The Contagion

 Frank Boreham

      Frank Boreham was ordained a Baptist Minister but had preached before Presbyterian, Methodist, Baptist, Congregational and Church of England congregations for many years in Australia. He was the author of forty-eight books and a regular columnist for The Melbourne Age from 1936 to his death in 1959. This article is reprinted from The Melbourne Age, July 10, 1954.

      The most vital factor in a man’s complex composition is his own distinctive personality; and the most dynamic prerogative possessed by his personality is its infective quality.

      Just as a powerful magnet infects with its own magnetism every steel filing that it attracts to itself, constituting it a magnet in its own right, so each man’s individuality automatically communicates its inherent bloom or blight to everyone and everything that he happens to touch.

      In their own essence, inanimate and insensate things like sticks and stones are ethically neutral; they are neither moral nor immoral; they are non-moral; they are incapable alike of goodness and of badness; they lie beyond the ambit of all such arbitrary classifications. But the moment they come into any kind of relationship with man they catch the contagion of his virtues and his vices. For better or for worse, all substances, whether as pliable as wax or as inflexible as granite, fall under his authority, become assimilated to him and acquire the commendable or detestable qualities of their owner.

      In his best-known novel, Dr. George Macdonald pictures Malcolm arranging his fish for sale on the beach at Portlossie.

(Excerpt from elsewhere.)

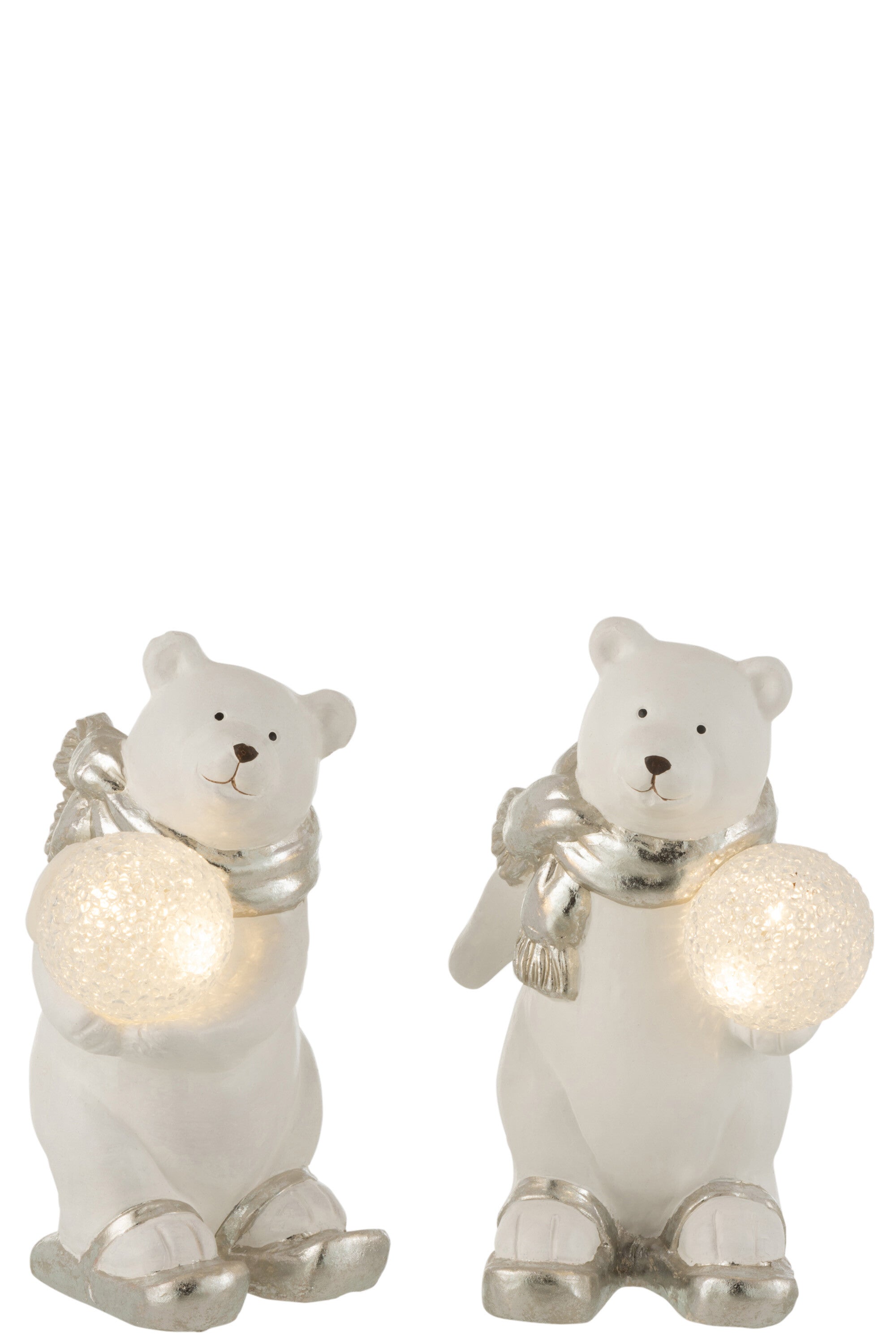 IJsbeer Led Staande Keramische Wit/Zilver Klein Assortiment Van 2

A woman approaches and asks Malcolm if the fish are good or bad. “That depends!” the salesman cryptically replies. “How can it depend?” demands the prospective purchaser. “Well you see,” the young fisherman explains, “if a bad man buys these fish and they nourish him for his badness, they are bad fish; whereas, if a good man buys them and they strengthen him for his goodness, they are good fish!”  The principle is of universal application.

      Here, let us suppose, sits a man at his desk. A sheet of paper is spread out before him and a drop of ink trembles at the point of his pen. In themselves the paper and the ink are totally destitute of ethical tendencies. But think of the possibilities, for weal or for woe, that open up to them through their association with him!

      With that sheet of paper and that drop of ink a poet could set the whole world singing and could impart to the fluttering folio a high commercial value. With that sheet of paper and that drop of ink a millionaire could scribble a few words that would endow with enormous wealth the happy recipient of the document. With that sheet of paper and that drop of ink a statesman could write a declaration of war that would turn the earth into a shambles.

      The same is, of course, true of money. The moment a man earns a pound, that pound becomes part and parcel of his own personality. If he be a good man the pound will be a good pound and will be so spent and so administered as to give a fillip to all that is most wholesome and uplifting in the community. If he be a bad man, the pound will be a bad pound, and, in its investment, will infect with its owner’s taint all that it touches in its flow.

      Money is what we ourselves make it; from the moment at which it becomes ours it bears our own image and superscription.

      Since a man’s fingertips constitute themselves the magic wands by which he transmutes everything he touches into radiations of himself, it follows that the world through which he moves is simply himself a million times magnified.

      Each man creates his own world, and creates it in his own image. To a bad man, the world wears a sinister aspect; the sad man finds it a vale of tears; around the glad man’s path the loveliest flowers are blooming; whilst the good man is embarrassed by the wealth of goodness that meets him at every turn.